**EXERCISE DESCRIPTION:**
Only the lines from the one containing "postcarden897 ‣ Маркетер" through the end of the entries are to be copied, exactly and without pictures, please.

*** SUPPLIED ENTRIES ***

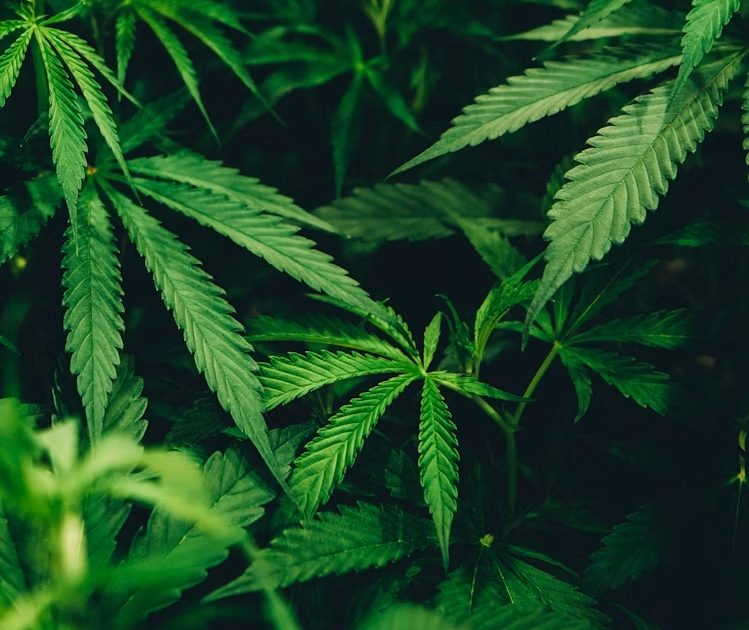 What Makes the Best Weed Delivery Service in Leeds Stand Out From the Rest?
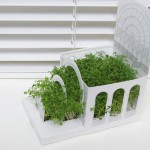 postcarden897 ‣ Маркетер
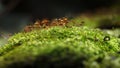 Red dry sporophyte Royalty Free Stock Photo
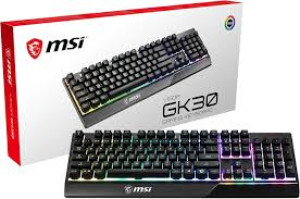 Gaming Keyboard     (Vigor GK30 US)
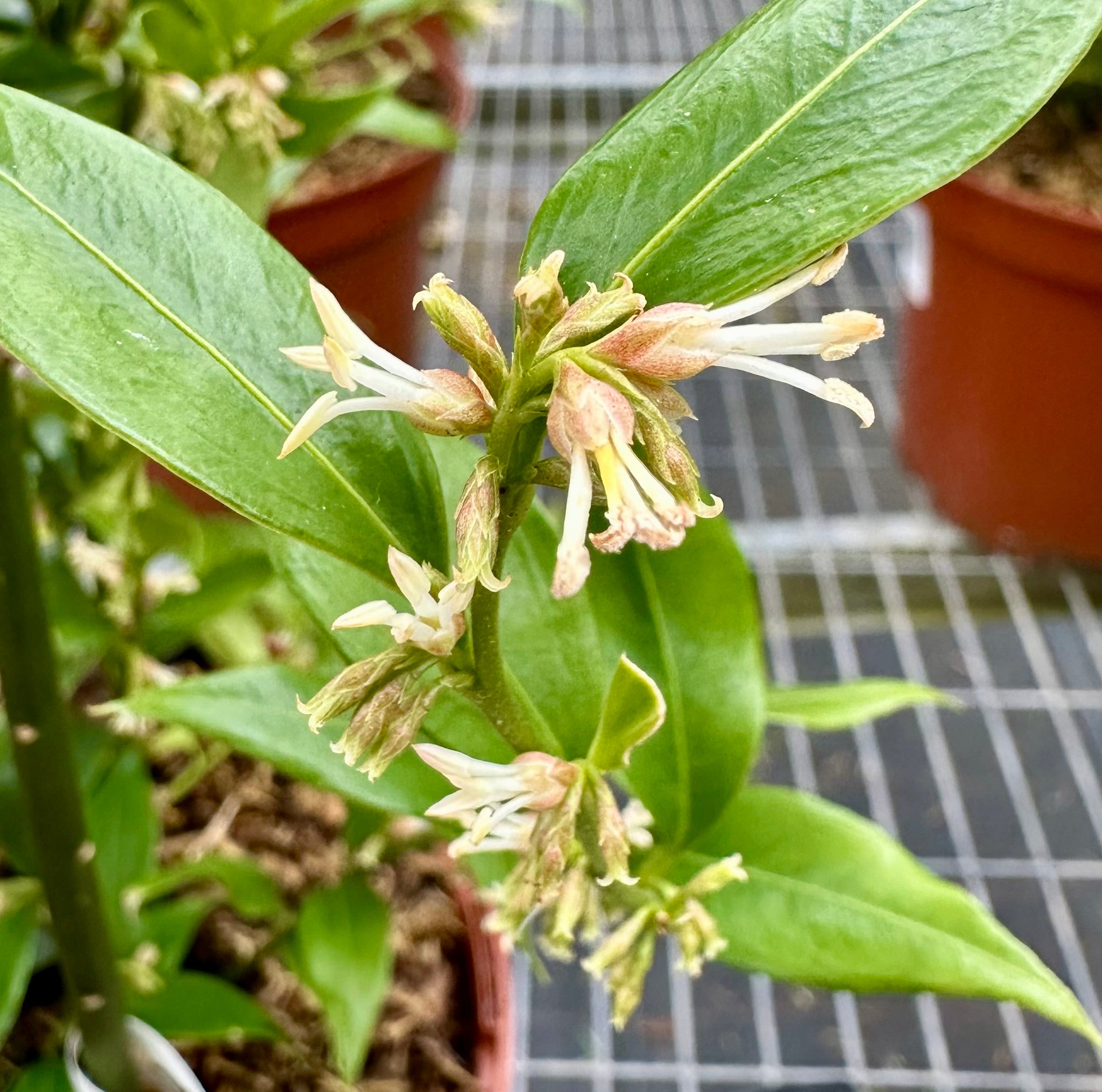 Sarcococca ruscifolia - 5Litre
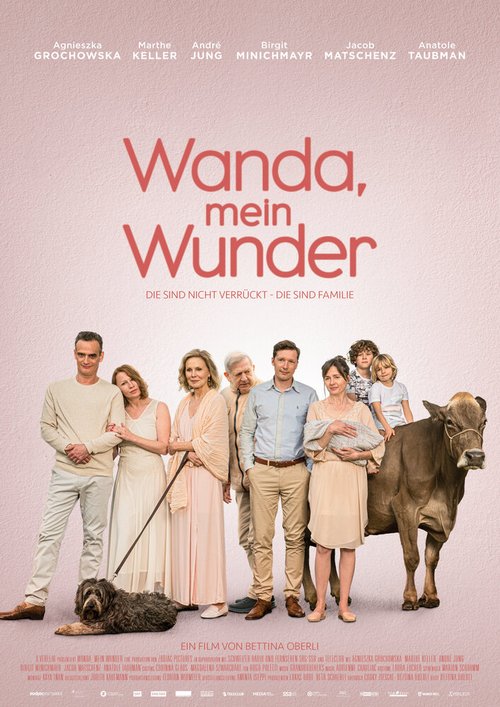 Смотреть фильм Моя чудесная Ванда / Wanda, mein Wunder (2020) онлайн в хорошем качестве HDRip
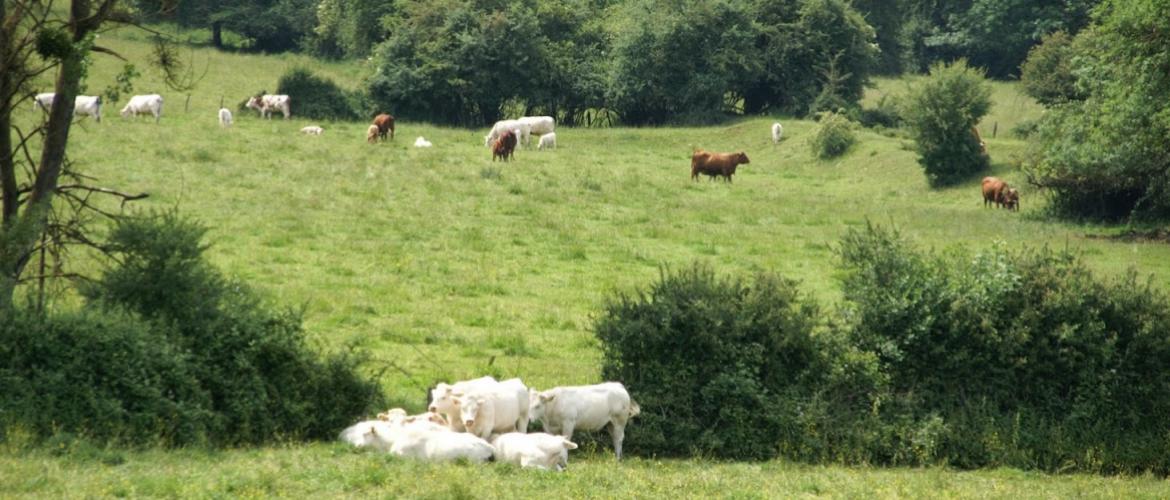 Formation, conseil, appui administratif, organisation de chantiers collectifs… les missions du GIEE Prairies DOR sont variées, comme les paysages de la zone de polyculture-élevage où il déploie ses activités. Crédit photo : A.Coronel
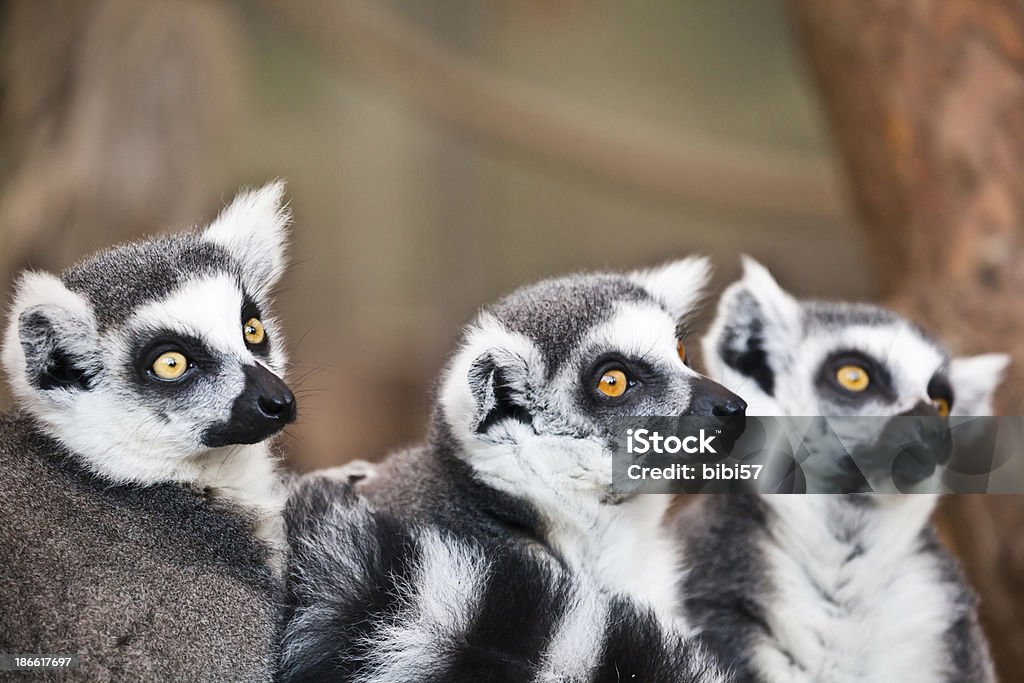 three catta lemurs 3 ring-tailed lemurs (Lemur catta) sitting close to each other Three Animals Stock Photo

*** End of SUPPLIED ENTRIES ***

**EXERCISE SOLUTION:**
 postcarden897 ‣ Маркетер
 Red dry sporophyte Royalty Free Stock Photo
 Gaming Keyboard     (Vigor GK30 US)
 Sarcococca ruscifolia - 5Litre
 Смотреть фильм Моя чудесная Ванда / Wanda, mein Wunder (2020) онлайн в хорошем качестве HDRip
 Formation, conseil, appui administratif, organisation de chantiers collectifs… les missions du GIEE Prairies DOR sont variées, comme les paysages de la zone de polyculture-élevage où il déploie ses activités. Crédit photo : A.Coronel
 three catta lemurs 3 ring-tailed lemurs (Lemur catta) sitting close to each other Three Animals Stock Photo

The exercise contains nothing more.